Lawmakers in the Kansas House wrapped up hearings on a school funding proposal on March 27. HB2410 would funnel an additional $75 million to schools on March 27.

The House K-12 Education Budget Committee hosted a three-day hearing on a proposed funding formula that provides $4,170 in base state aid per pupil, up from $3,852.

Similar to the 1992 formula, the proposal adds weightings for at-risk students. It also allows districts to maintain local option budgets, broken into three categories. Local funding would be prescribed for certain functions like educating English learners and at-risk students. Another local stream could be used to fund extra curricular activities.

Though the formula includes weightings for low enrollment, more than 100 school districts would receive less funding due to declining enrollment.

Under the proposal, the Great Bend School District loses $1.2 million, Geary County Schools loses $5.5 million, Ft. Leavenworth loses $3 million and Hutchinson School District loses $2.5 million. Hutch’s neighboring district, Buhler, receives $1 million more.

Growing districts receive a bump in funding. Every Johnson County School District receives a funding increase as would the Dodge City, Hays, Topeka, Wichita, and Kansas City, Kansas, School Districts. View specifics for all school districts here.

Legislators essentially froze school funding two years ago, instituting a block grant mechanism that held schools harmless. The block grants served as a place holder until legislators crafted a new formula. That funding mechanism expires June 30. Now legislators face a Supreme Court-mandated deadline of June 30 as well. The state Supreme Court ruled block grants aren’t adequately calculated. Justices mandated lawmakers develop a new formula by June 30.

HB 2410 is one of several proposals the House committee vetted. The bill appears to have momentum.

Several school districts, including the Wichita School District, voiced strong opposition to HB 2410. The Wichita district would be one of the biggest winners if legislators adopt the formula. USD 259 would receive an additional $8.5 million, but Jim Freeman, Wichita district lobbyist, told legislators it’s not enough.

“It isn’t really as much of an increase as it ought to be,” Freeman said.

Though attorneys for the districts who sued the state for more money suggested adequate funding requires an injection of $500 million to $800 million more, the Supreme Court stopped short of specifying a specific dollar amount.

“Our adequacy test…rejects any litmus test that relies on specific funding levels to reach constitutional compliance,” the opinion reads.

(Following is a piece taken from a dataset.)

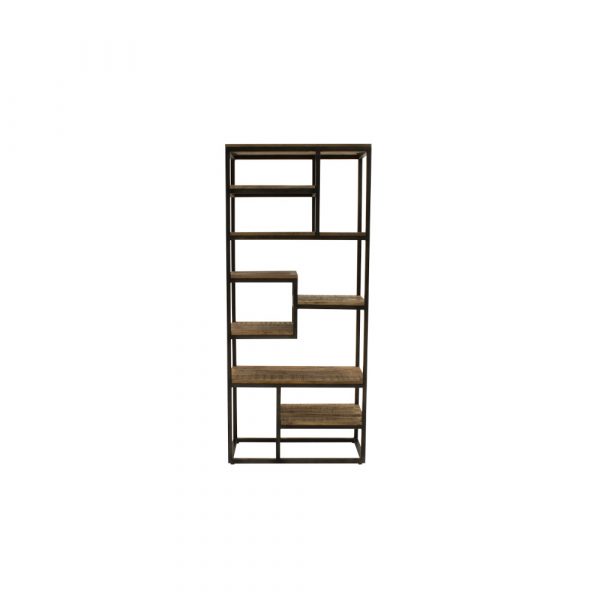 Savannah tall slim bookcase with a metal frame on a white background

The Kansas National Education Association lobbyist, Mark Desetti, called the proposal “woefully inadequate,” but KNEA formally testified neutral on the legislation as did the Kansas Association of School Boards and Kansas Policy Institute.

Several school district officials expressed their opposition to the funding scheme. The Blue Valley School District is a noted exception. Mike Slagle, assistant superintendent at BVSD, offered neutral testimony. The Shawnee Mission School District also offered neutral testimony.

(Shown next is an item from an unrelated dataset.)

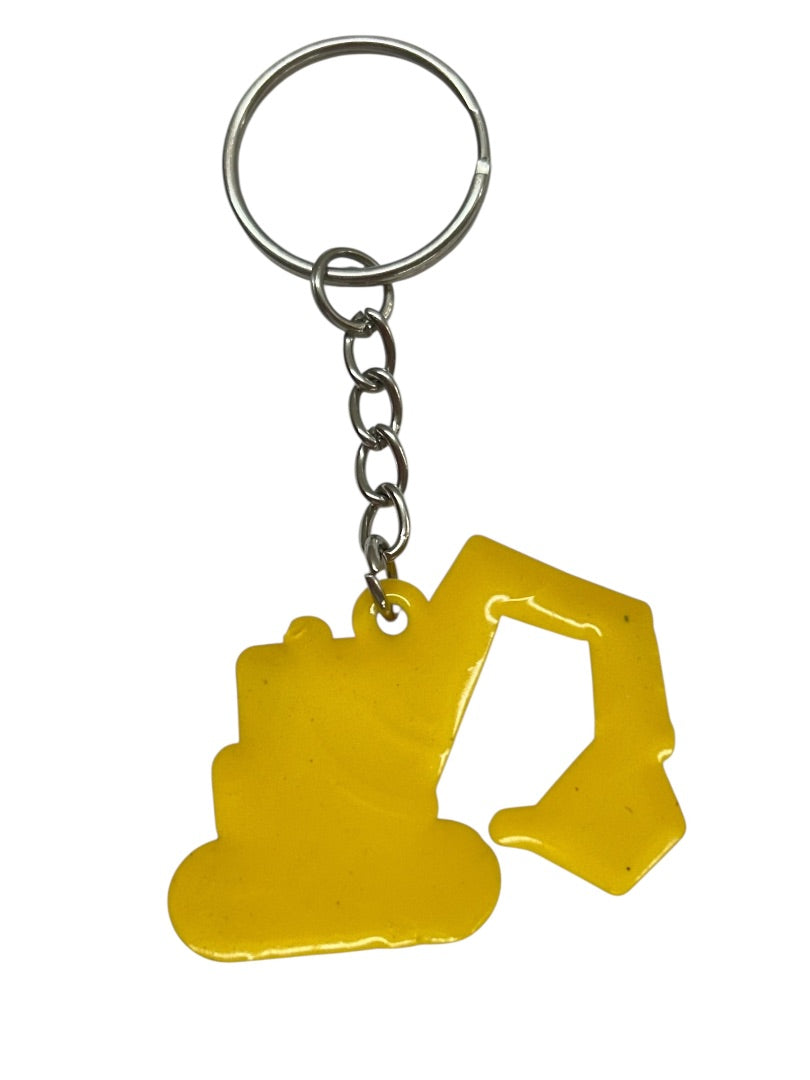 Backhoe Digger PVC Keychain Keyring 3.25" Yellow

The large Johnson County districts’ position revealed a divide between some local legislators and officials of the school districts they represent.

Slagle told the committee his district prefers a formula that targets outcomes.

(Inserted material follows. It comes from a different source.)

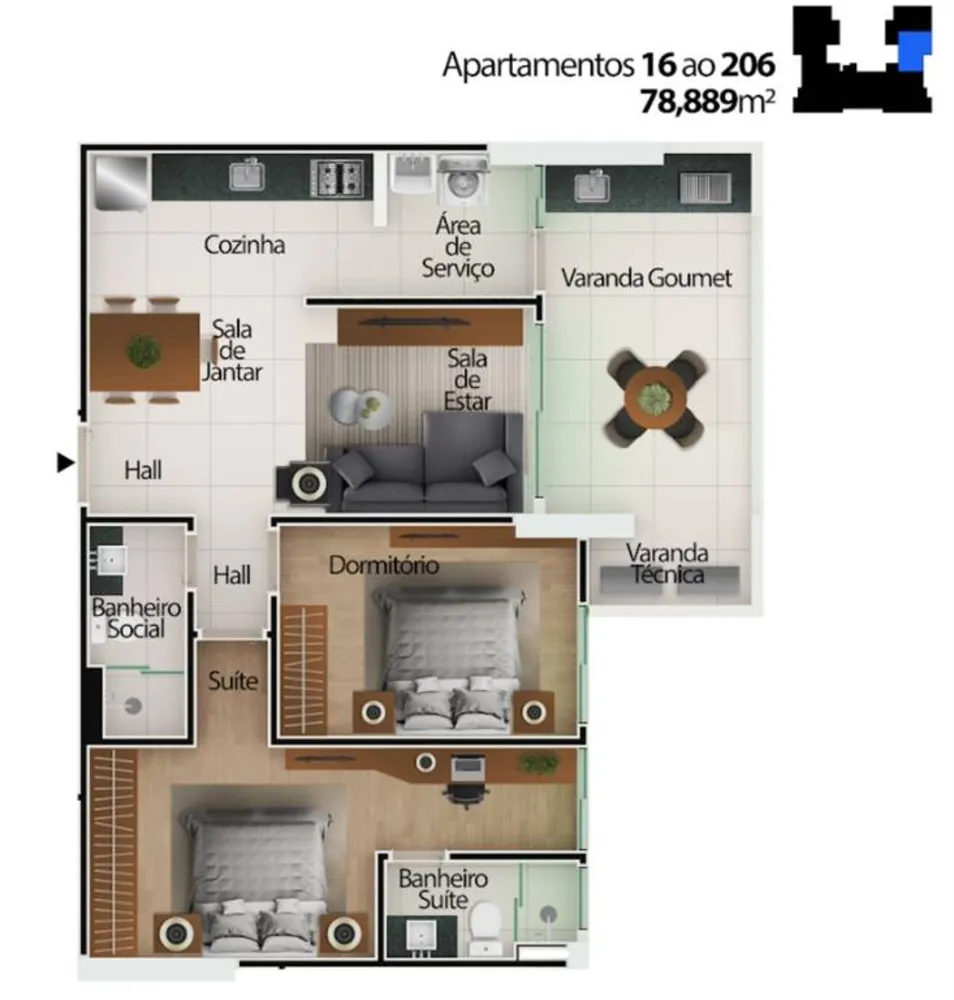 Apartamento, 2 quartos, 79 m² - Foto 8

“Without an empirically driven approach, policy makers will never know if the amount they’re funding for education is actually adequate,” he said.

The Great Divide

The Blue Valley district is looking for a formula that allows local schools to fund beyond adequacy. Ideally, he said district officials seek a funding base that is tied to something that reflects the cost to educate a student. The district would prefer a formula that allows for funding adjustments based on the needs of the students, and a funding mechanism that allows local adjustments.

Rep. Melissa Rooker, in a newsletter to constituents, called the belief that heavy reliance on local property taxes is the only way Johnson County districts can excel, “tired.” Prior to 1992, local taxes comprised the majority of school funding.

“While a plan that harkens back to days of old sounds good from a certain vantage point, that jingoistic view ignores reality,” she wrote. ”

She said there are major differences in property wealth even in Johnson County districts.

“So which part of Johnson County matters more? Whose kids are more deserving of a quality education?” she wrote. “Students in classrooms all around the state today will become the Johnson County workforce of tomorrow.”

Though most of her ire is directed at a school funding plan floated by Shawnee Mission School District officials, she said House hearings exposed problems with HB 2410. She proposed a funding plan that mirrored the previous funding formula, but added approximately $900 million in new funding.

Rep. Larry Campbell, chair of the committee, called the hearing a “good starting” point.

There are amendments already ready to go,” he said. “We’ve heard you.”